Monday, October 30, 2006

Boys and girls come out to play…

...but maybe not in Polish schools, they won’t.

Following the horrific suicide of a girl school pupil after prolonged bullying which resulted in a simulated rape by boys in front of her class, there has been calls from the Education Minister, and many others, for stricter discipline in schools and for coeducation to be phased out.The case has repulsed everyone.

Vice-minister Mirosław Orzechowski (he’s the one who doesn’t believe in Evolution), said that boys and girls need space when they growing up to develop as people:

"it would be a sensible way to gain some reflection on the self during one of life's stormier turning-points, and it would enable children to take their first steps into adulthood in a calmer atmosphere."

I was at an all-boys school (Carshalton High School for Boys) and I can’t say it had that effect on me and my mates. All we thought about by the time we reached 14 or so was girls, girls, girls. I even gave up liking football for a while. At lunchtime we would sneak out and try our luck down at the girls’ school.

Problem was, we were so unused to female company that we were hopeless at chatting them up. Most of us just felt awkward. We had to act ‘mature’ in front of them, because they seemed so much more mature than us. And they were.

Sometimes it was a relief just to get back to the boys’ school with all the lads and act like complete idiots again.

So I don’t think separate schools will make boys any more mature or wiser and any better at relating to girls.

I also don’t think we can generalize about education policy from what is a disgusting, shocking, but rare horror in the classroom.

15 comments:

polishpenguin said...

It's always the government's fault. What the heck ever happened on putting blame on parents for not having enough of responsibility for their children? All of these "new age" parents expect television, other media, and schools to raise their children. Well guess what, that's the parents' job to do such a thing. I've seen on television lately that parents are hiring tutors before they start kindergarten. I mean, you have to be kidding me.

It seems parents are willing to have children, but a lot of them seem that they don't want a thing to do with raising them. What a shame.

opamp said...

What the heck ever happened on putting blame on parents for not having enough of responsibility for their children?

Over here it has become a convenient vehicle for explaining fundamental failures of the school system. Sex ed? Uh, parents better do that. Drug dealing? Well, kids have learned that at home apparently.
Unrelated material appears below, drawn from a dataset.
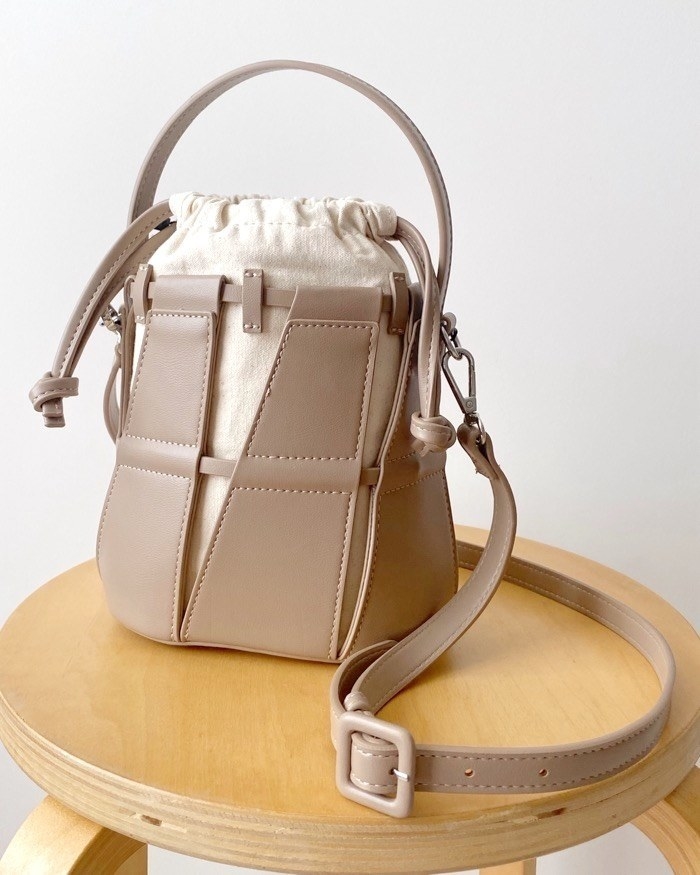 ZARAのおすすめのバッグ「カットワークバケットバッグ」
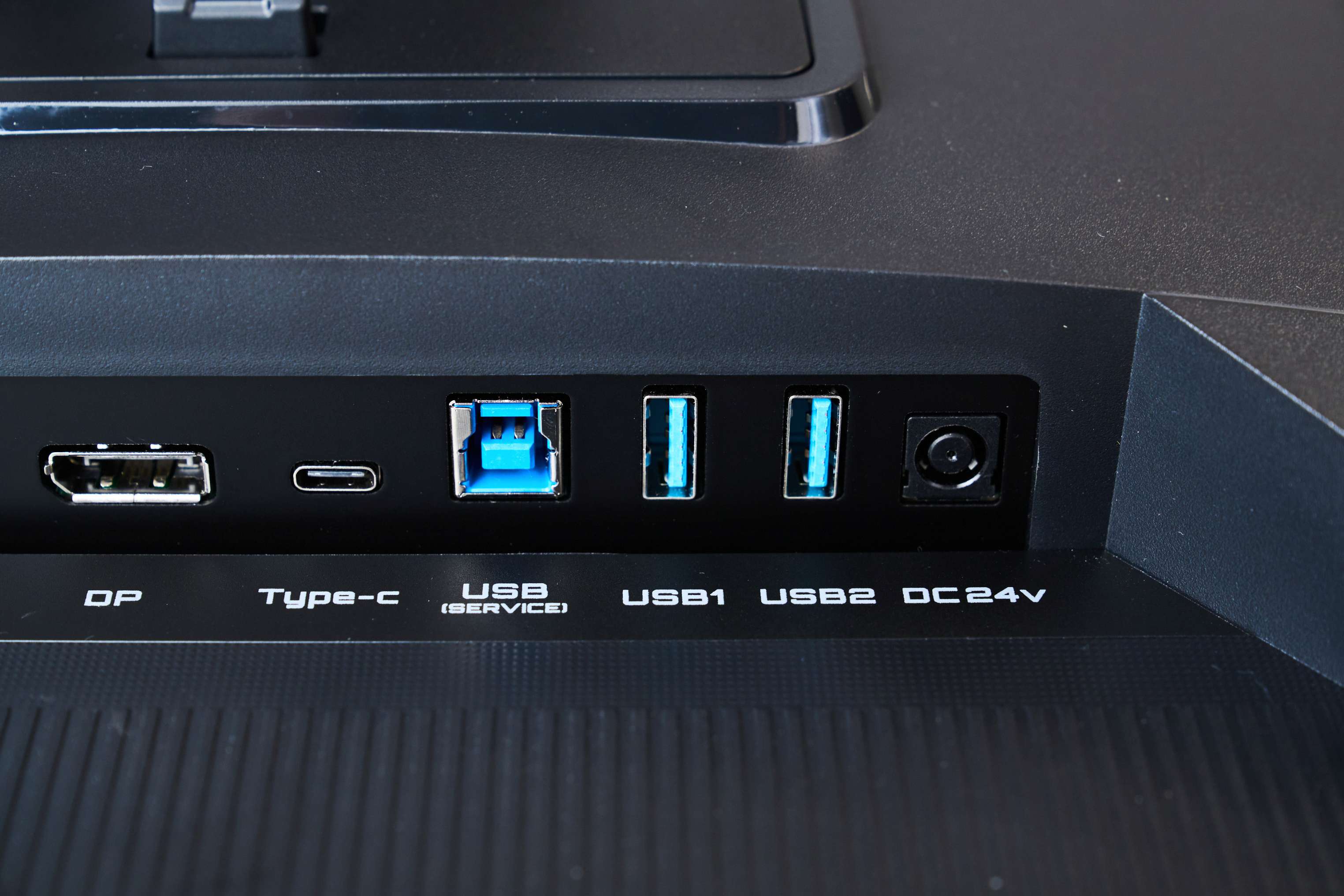 USB Type-A 埠可搭配 KVM 切換功能使用，讓鍵盤與滑鼠能在不同裝置間快速切換控制。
Assaults on teachers? Caused by bad parenting. Failure to provide elementary physical security on school ground, leading to suicides? Parents' fault!

Last 17 years of "liberal" school reforms got us to the point where school practically disclaims ALL responsibility for the students and blames everything on the parents. (Yes, I acknowledge that there are many parents who fail to do their job correctly, however that doesn't eliminate the school's obligation to do its job. Quite to the contrary, in fact).

mullet said...

how can rape have anything to do with non co-ed schools? dafty!

mullet said...

polishpenguin - i think parents, schools, doctors are only one part of it in equal amounts...to blame it on one of these is silly

jannovak57 said...

The sad event has little to do with education policy and a lot to do with parenting skills or lack of.

A school system is there to educate and not to be policeman, baby sitters and psychologists. The problem starts with parents that have unrealistic expectations of what a teacher can achieve when there is a parental void at home. How much of the human wreckage can the school deal with as a consequence of incompetent parenting?

When such events happen you would thing it would be a wake-up call to the parents who all too often fail to answer the following: where are my children, who are they with and what are they doing. Sadly it’s not a small portion of parents unable to answer these questions.

There are very few bad children, but many underachievers trying to parent.

No amount of social engineering in the school system can remedy the consequences of what goes on at home. It seem that only once the violence has taken place, the drug problem or the failure to perform in school is observed, is any notice taken of a problem.

The Polish media has focused on the teachers, the school and Education Ministry. There is little focus on the parents of the boys or debate on parenting skills.

The African concept of it taking an entire village to raise a child is correct, the institutions of school, community and family must be functional to get the desired outcome.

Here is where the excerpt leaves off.